The risk in continuing a series beyond its natural end is that the author starts to repeat himself and at worst descends into self parody. In this book Mankell definitely does the former, possibly deliberately, and comes dangerously close to the latter. I say the repetition may be deliberate as Wallander spends a lot of the time looking back over his past life and cases. There is some reference to most, if not all, the previous Wallander books, and there is even a nod in the direction of some of his other work, with one episode here bearing a great similarity to the basic premise of his stand alone novel, Italian Shoes. At times it was redolent of Scrooge being shown the major incidents of his life by The Ghost of Christmas Past. The (almost) self parody comes about as several times Wallander seems to have come to a dead end or be stumped by some piece of evidence, when suddenly and 'luckily' he has a friend or former acquaintance who is an expert in some obscure or esoteric subject. It reminded me of the old Miss Marple films of Margaret Rutherford, when she would be faced with some seemingly impossible predicament and then she would reveal that 'luckily' in her youth she had been the All England ladies fencing/showjumping/swimming/etc. champion.

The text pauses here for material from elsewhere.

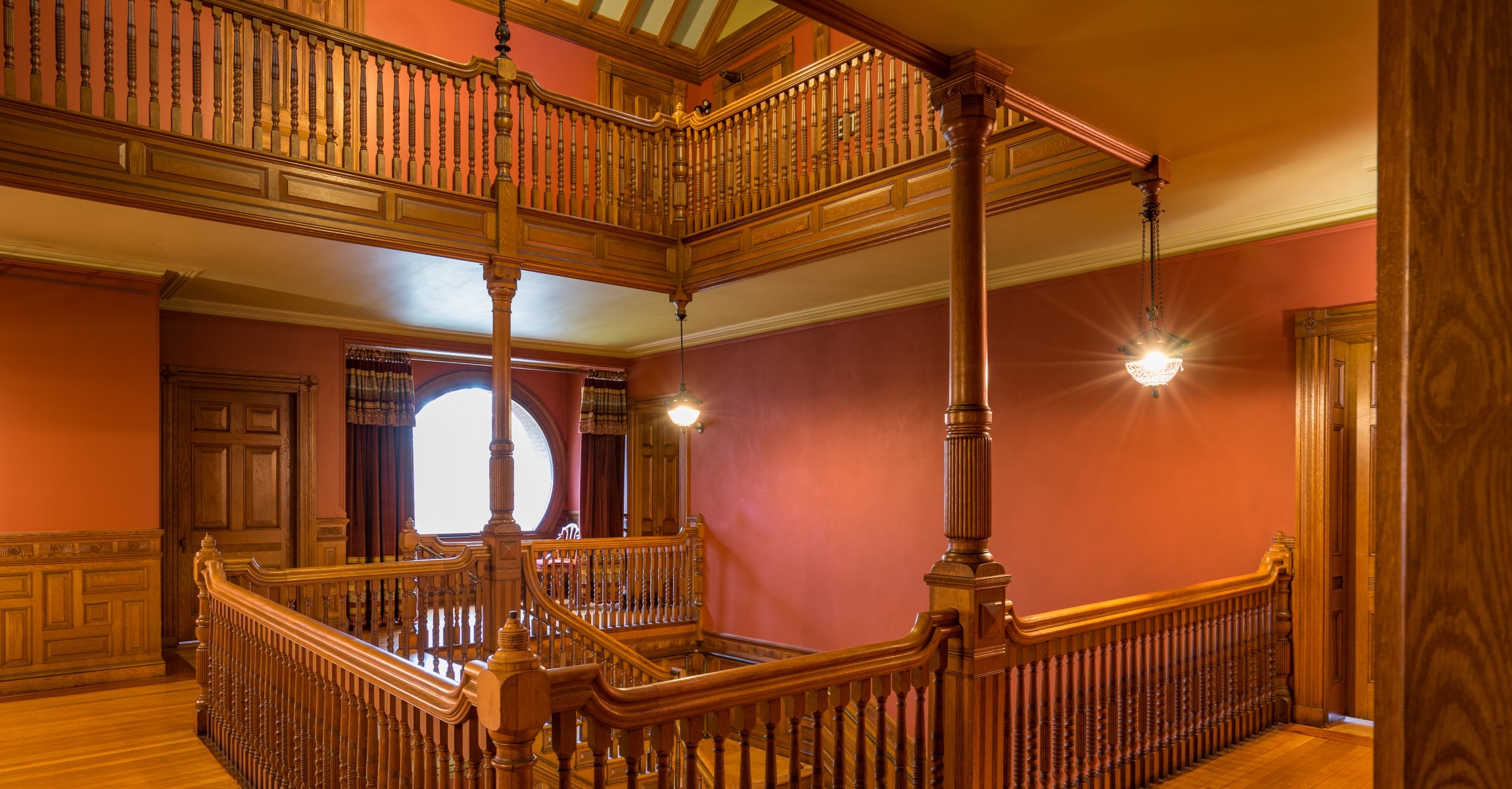 Wood railings around top of staircase and around the floor above, wood columns, hanging light fixtures, round window surrounded by maroon curtains.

Again these friends and acquaintances of Wallander's have generally appeared in previous novels and that fact just stops the book stepping over the self parody line.

One last gripe, a few times, especially early in the book, Mankell seems to be pointing out to the reader that something is a significant clue rather than following his normal method of letting you figure it out for yourself. If it were a film or TV show the incident would be underscored by heavy handed music just before a scene change or advert break. I can only assume this is intended for the new readers the publicity surrounding this novel might attract.

Having said all of that, there is just enough of the old Wallander, and of a case, albeit outside of his formal duties, to keep fans happy. Well maybe 'happy' is not the correct word in the context of a Wallander, or any Mankell novel. Never uplifting, even at the best of times, there is an added poignancy to this one. I suppose I am glad I read it, and I am sure other fans will buy it, probably despite some reservations. If you have not read any of the previous books, this is definitely not the place to start, and my advice would be to go back to the first in the series, Faceless Killers, and work through them in order.

A final plea to publishers - Is it too much to ask for ALL pages, not just the recto, to be numbered, and at the bottom?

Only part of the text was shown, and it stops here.